Melatonin interacts with estradiol at the estrogen receptor level in different kinds of neoplasias and also regulates the expression and the activity of some enzymes involved in the biosynthesis of estrogens in peripheral tissues.

Glioma cells express estrogen receptors and have the ability to synthesize estrogens locally.

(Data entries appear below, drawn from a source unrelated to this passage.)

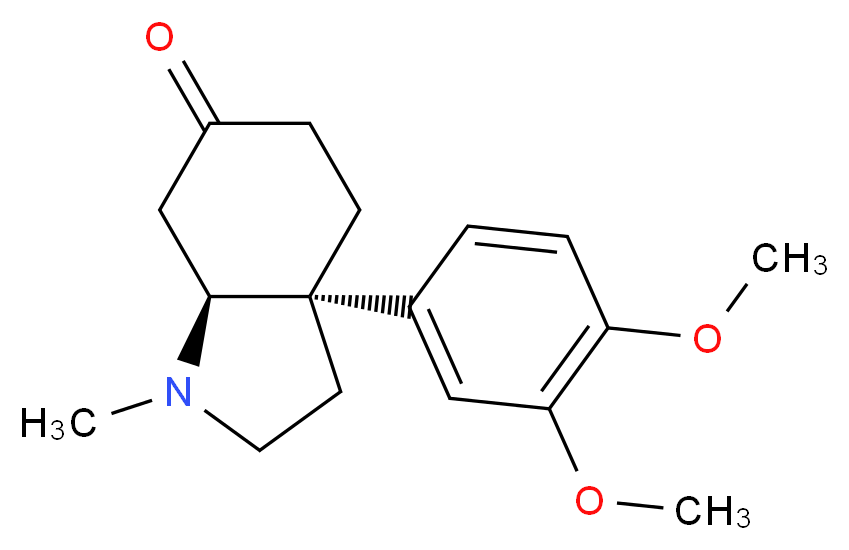 (3aS,7aS)-3a-(3,4-dimethoxyphenyl)-1-methyl-octahydro-1H-indol-6-one_分子结构_CAS_24880-43-1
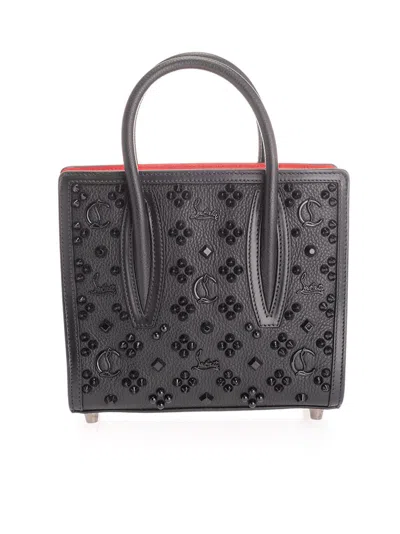 Christian Louboutin Paloma Mini Tote Bag In Black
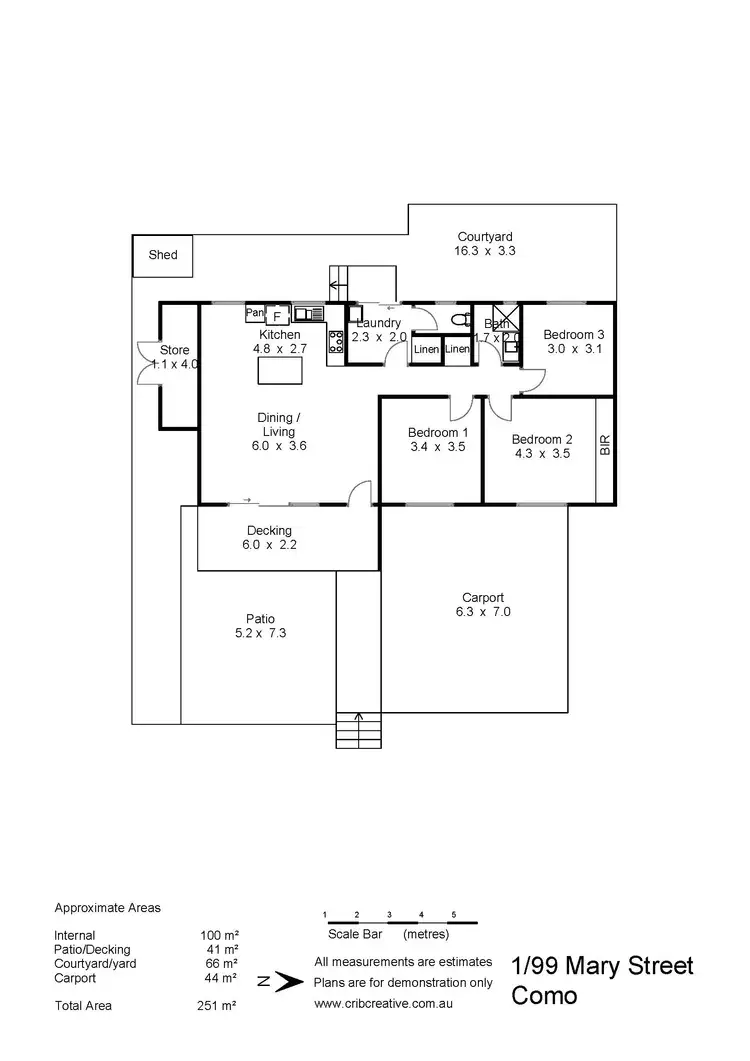 Floorplan of Homely house listing, 1/99 Mary Street, Como WA 6152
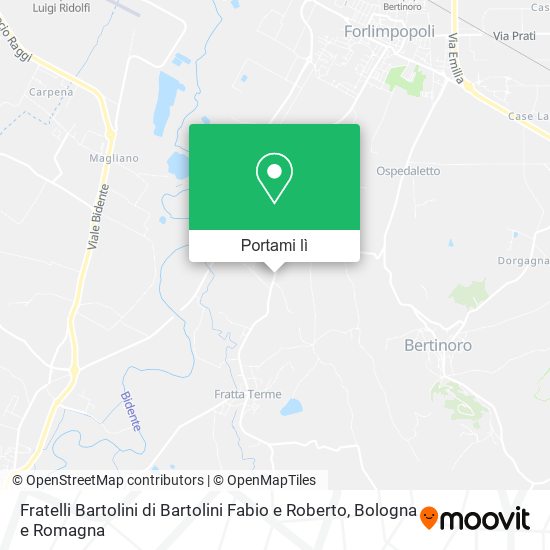 Mappa Fratelli Bartolini di Bartolini Fabio e Roberto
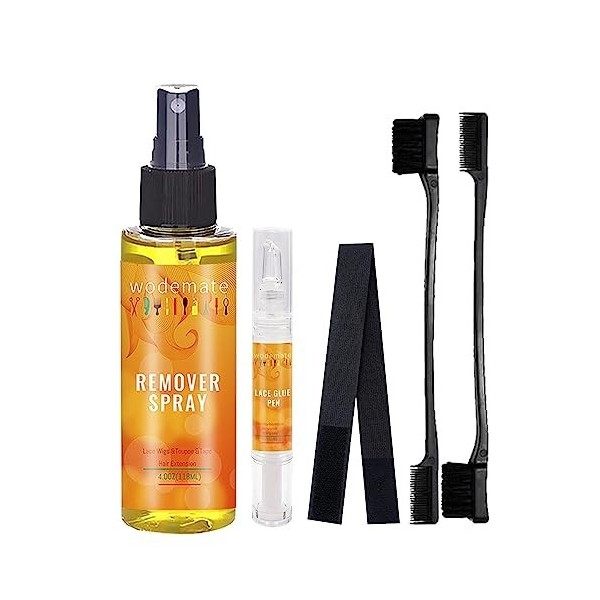 Laçage perruque colle 15ml et kit de dégraissage 118ml pour les perruques de laçage avant, Hair patch Poly System adhésif inv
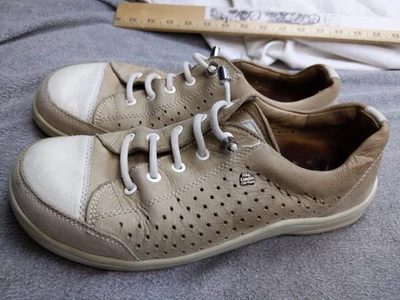 Finn Zapatos Confort Mujer Talla 38 Beige Blanco Cuero Caminar Informal Alemania Foto 1 de 4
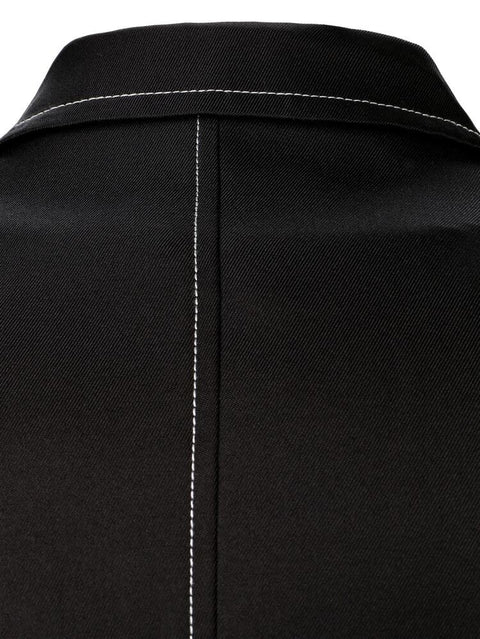 Black Single Button Blazer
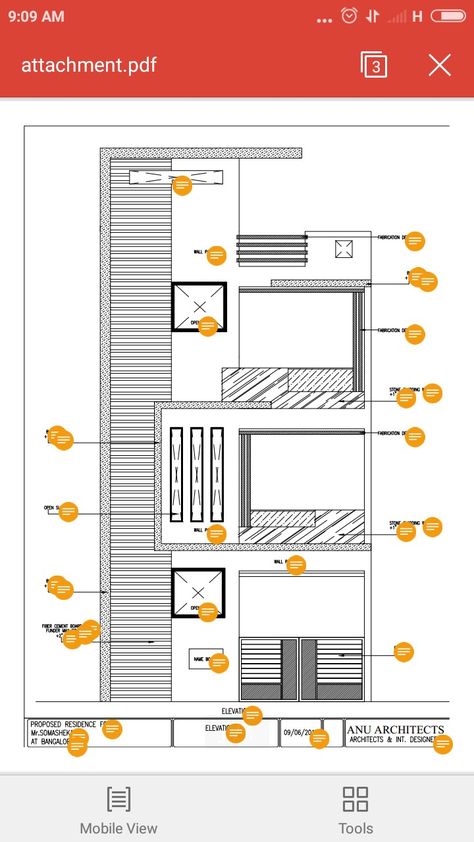 Small Residence Elevation, 2d Elevation Design, Angiosperms Plants, Shop Elevation, Small Residence, Dubai Tower, Plan Render, Elevation House, 30x50 House Plans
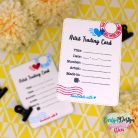 CarlijnDesign ATC English Szilikonbélyegző A7 Clear Stamps (1 db)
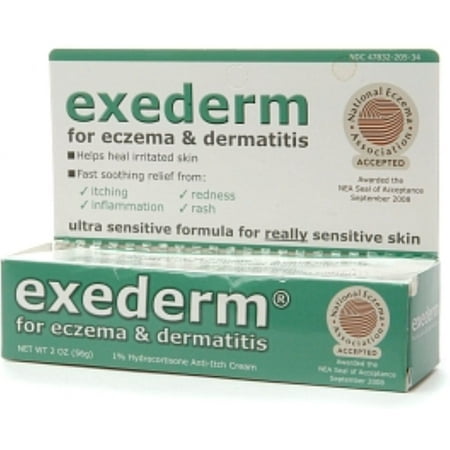 Exederm Flare Control Cream for Eczema & Dermatitis 2 oz (Pack of 4)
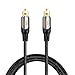 Digital Optical Audio Cable,CableCreation 15FT Toslink Male SPDIF Cable with Nylon Braided Fiber Optic Cord for Home Theater, Sound Bar, TV, PS4, Xbox, VD/CD & More.Black & Sliver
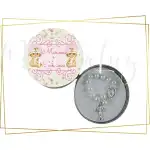 Lembrancinha Maternidade Gêmeas Rosa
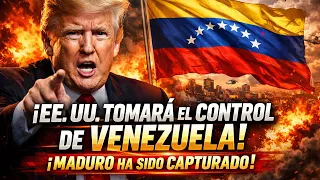 TRUMP ANUNCIA QUE GOBERNARÁ VENEZUELA TRAS CAPTURAR A MADURO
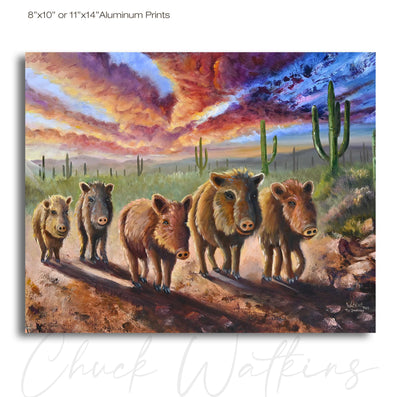The Journey- Southwest Wall Art Print – Canvas & Aluminum – Chuck Watkins
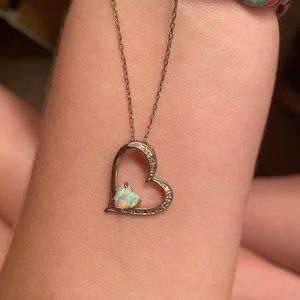 Opal Heart Necklace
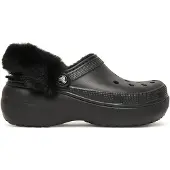 Crocs Chaussures Classic Platform Fuzz Lined 212854BLK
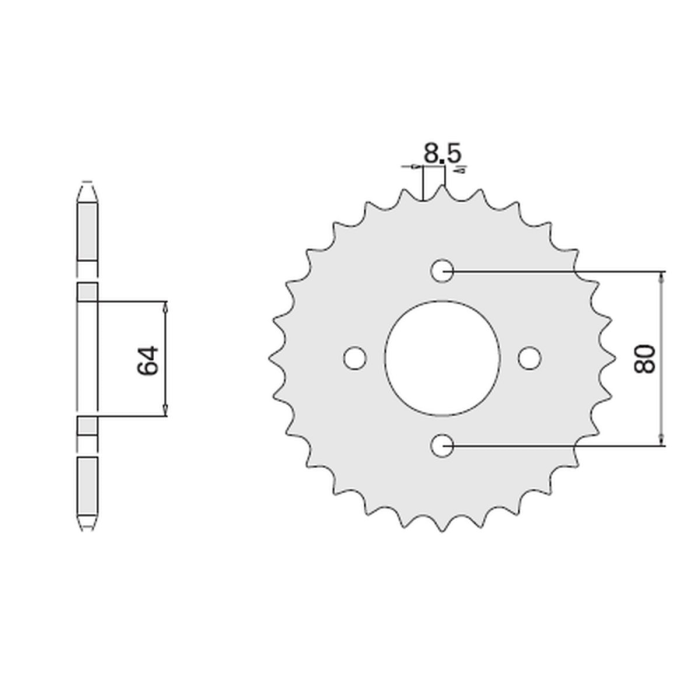 CHT rear sprocket 834 37 (834-37) YAMAHA TT-R 110, DT-R 50 '96-'99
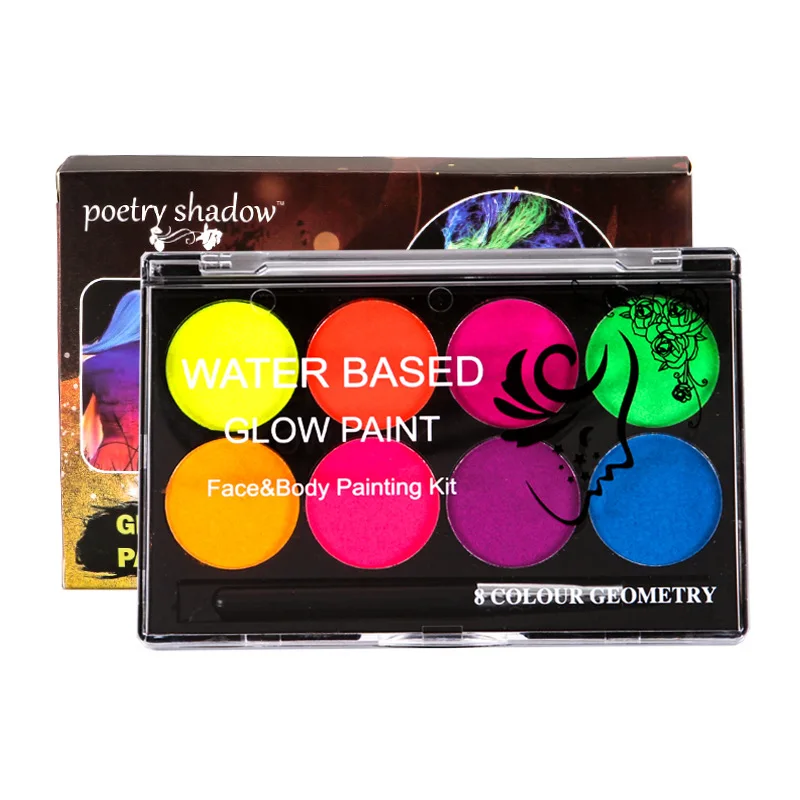 8 Colours Face Paint Glow in the Dark Face Body Paint or Halloween Cosplay Black Light Face Makeup for Party
8 Colours Face Paint Glow in the Dark Face Body Paint or Halloween Cosplay Black Light Face Makeup for Party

Since melatonin inhibits the growth of C6 cells, and this indoleamine has been demonstrated to be capable of decreasing aromatase expression and activity in these cells, the aim of the present study was to analyze whether the regulation of the sulfatase, the enzyme that catalyzes the rate-limiting step in the conversion of estrogen sulfates to estrogens, and 17beta-hydroxysteroid dehydrogenase, the enzyme which converts the relatively inactive estrone to the most potent 17beta-estradiol, could be involved in the inhibition of glioma cell growth by melatonin.

We found that melatonin decreases the growth of C6 glioma cells and reduces the sulfatase and 17beta-hydroxysteroid dehydrogenase activity.

Finally, we demonstrated that melatonin downregulates sulfatase and 17beta-hydroxysteroid dehydrogenase mRNA steady state levels in these glioma cells.

By analogy to the implications of these enzymes in other forms of estrogen-sensitive tumors, it is conceivable that their modulation by melatonin may play a role in the growth of glioblastomas.